19 milyon nüfusuyla Mali adeta uçurumun eşiğinde. 2012'de Tuareglerle başlayan ve El Kaide ve İşid'e bağlı grupların estirdiği terör dalgası ülkenin üçte ikisini esir almış durumda. BM ve Fransa'nın toplamda 19,000'i bulan barış gücü askerlerine, teröre karşı kurulan Sahra ülkeleriyle birlikte kurulan G5 birlikteliğine rağmen, Belçika'nın yüzölçümü kadar olan devasa bölgede sekiz yıldır güvenlik hala sağlanmış değil. Teröre ve zorunlu göçle paralel olarak fakirlik ve kıtlık seviyesine gelen gıda yetersizliği yükselirken, coronavirüs ile zirve noktasına ulaşan ekonomik kriz ise yakın zamanda bitecek gibi görünmüyor.

Tüm bu sorunların üstüne, yönetici elitinin karıştığı yolsuzluk skandalların ardı ardına patlaması, IBK'nın hükümetine olan güvensizliği ve öfkeyi doruk noktasına çıkardı.

Bu karmaşanın ortasında, bu yapısal sorunlara çözüm getiremeyen IBK yönetiminin aksine, Dicko ilmek ilmek işlediği, demokratik yönetim ve ahlaki değerlere odaklanan kapsayıcı siyaset dili ile büyük bir taraftar kitlesine ulaştı.

Dicko, polemikler ve günlük siyaset tartışmaları yerine, sürekli dürüstlük ve günvenilirlilik gibi ahlaki değerleri ön plana çıkarıyor; bir grubu ya da partiyi hedef almak yerine, daha iyi bir yönetim talebi üzerine eğiliyor.

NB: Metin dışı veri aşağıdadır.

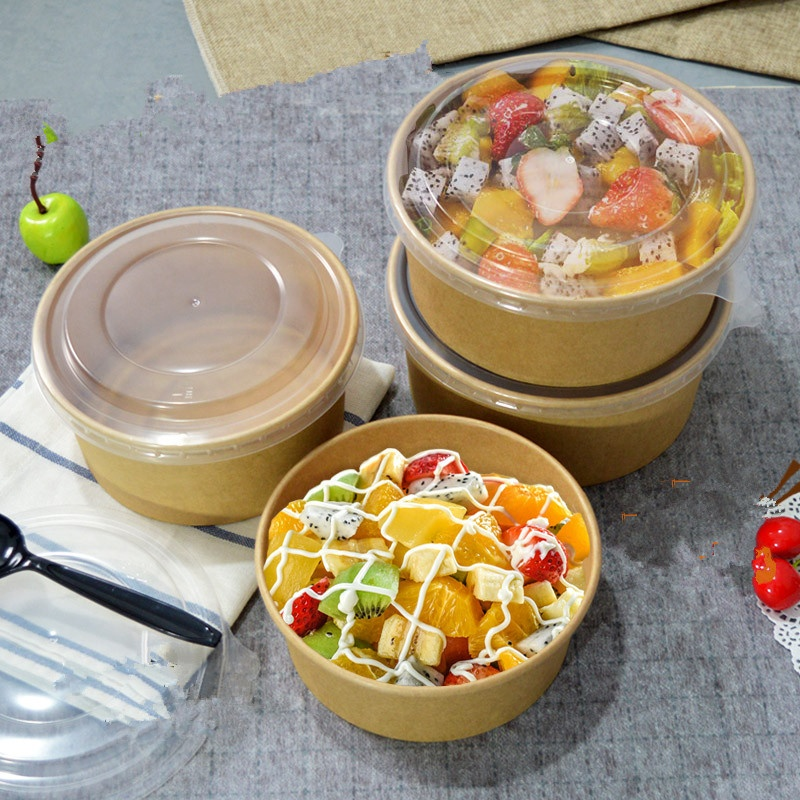 Cara Mempersembahkan Makanan Anda dengan Mangkuk Kertas Kraft dengan Lebih Baik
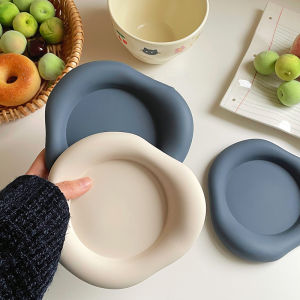 Cloud Shape Silicone Coaster Slip Resistant and Heatproof Drink Cup Mat Coffee Hot Pad Table Protector Kitchen Tableware Set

Bir yandan Mali halkının birliğine ve bütünlüğüne vurgu yaparken, bir yandan da aralarında gerilimin ve çatışmanın bulunduğu farklı dini ve etnik grupların barış yapmasına ön ayak oldu. Bir din adamı olarak bu yapıcı dili son beş senede isminin tüm ülkede duyulmasını sağladı ve sonuç olarak, halkın gözünde yolsuzlarla ve adaletsizliklerle kirlenmiş bürokrasiye karşı adaleti, bütünlüğü ve toplumsal değerleri savunan bir lider olarak yer kazandı.

İmam Dicko'nun politik duruşu, aslında Fransız sömürgeciliğinden bugüne kadar kamusal alanda ve siyasi arenada sürekli aktif olan İslami aktivizm geleneğinin bir parçası. Ve İmam Dicko, son iki aydır devam eden protestolar nedeniyle manşetlerde yerini alsa da, aslında siyasi arenada yeni bir isim değil.

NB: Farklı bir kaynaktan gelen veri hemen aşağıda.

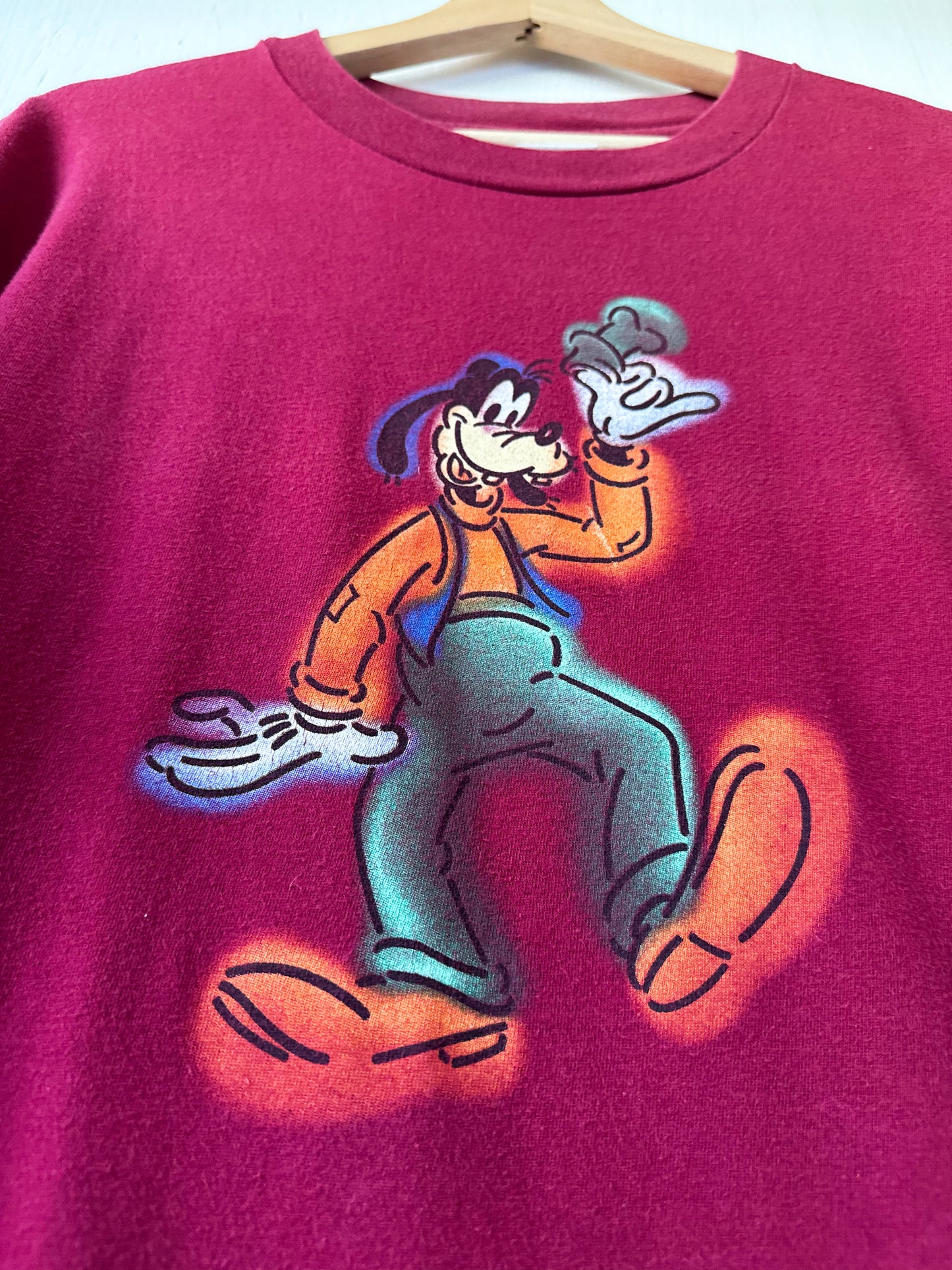 VINTAGE 90’s Disney Store Goofy Tee - L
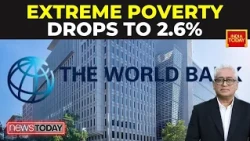 World Bank Reports Rapid Decline; India Lifts 49.6 Crore People Out Of Poverty Between 2011 & 2023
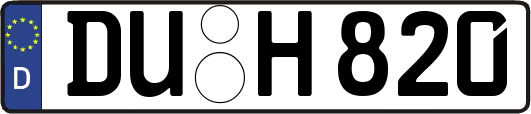 DU-H820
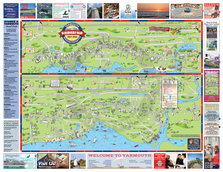 Yarmouth Printed Map Preview Image
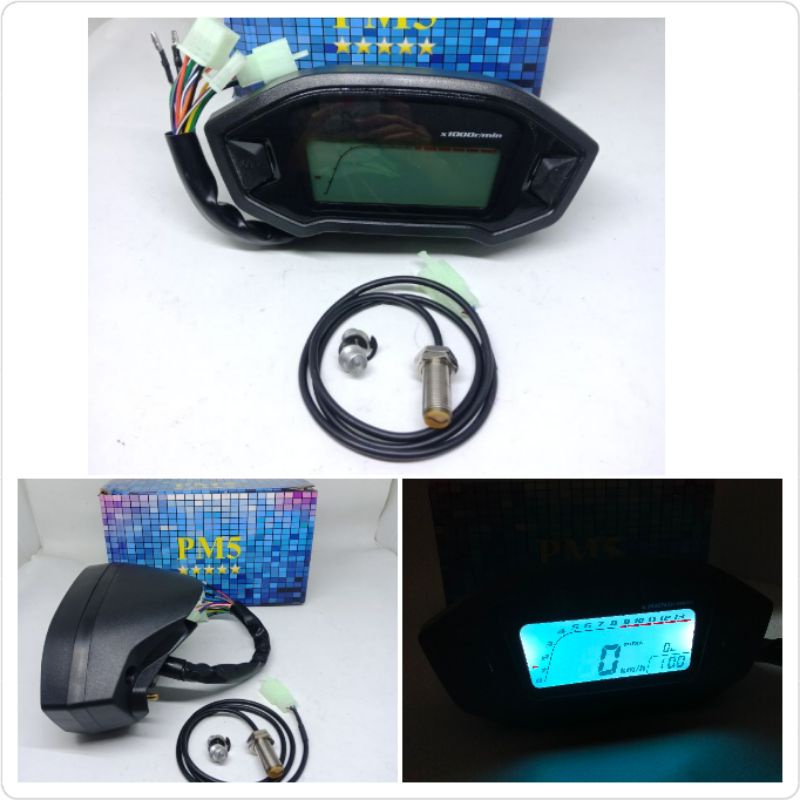 spedo meter spido koso rx2n RX 3N universal RXK CBR ninja 150 ninja 250 KLX CBR dll WJY555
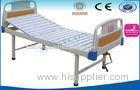 Semi Fowler Manual Adjustable Hospital Ward Bed , Home Disabled Nursing Bed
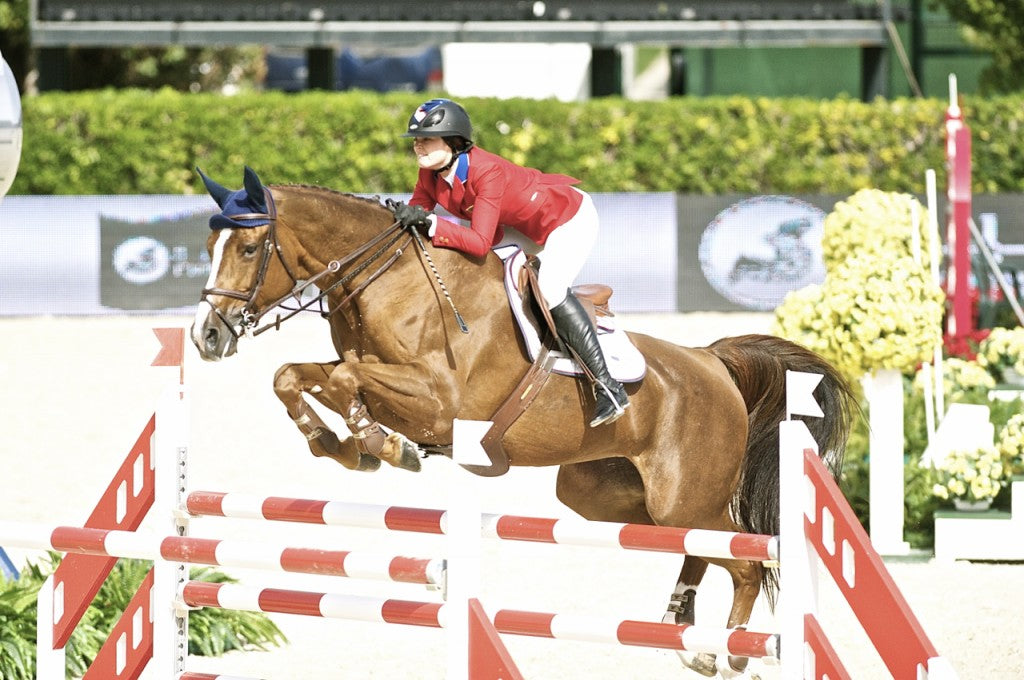 Reed Kessler and Cylana this past week in Barcelona for the 2013 Furusiyya Nations Cup Finals for Team USA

Dicko'nun siyasi arenada yükselişi: Barış ve Adil Yönetim Vurgusu

Babası ve dedesi Kadı olan İmam Dicko, Moritanya'da ve Suudi Arabistan'da İslam eğitimi aldı ve Salafı akidesini benimsedi. 1980lerde Mali'ye dönmesinden itibaren, birçok İslami organizasyonlarda görev aldı ve çoğu zaman sadece dini konularda değil siyasi konular da görüşlerini açıklamaktan kaçınmadı. 2008'de Yüksek İslam Şurası başkanı seçilmesiyle ulusal bir tanınırlılık kazandı.

Salafı akidesine rağmen, Dicko hiçbir zaman radikal görüşlü bir Salafı imam olmadı. Siyasi arenada ve dini uzmaşlıklarda, hep saygı duyduğu Sufi Tijanı tarikatının lideri Mohamed Ould Cheikh Hamallah 'Chérif of Nioro' ile birlikte durdu. Son iki aya damgasını vuran protestolarda da iki lider hep kol kola kameraların karşısına geçti.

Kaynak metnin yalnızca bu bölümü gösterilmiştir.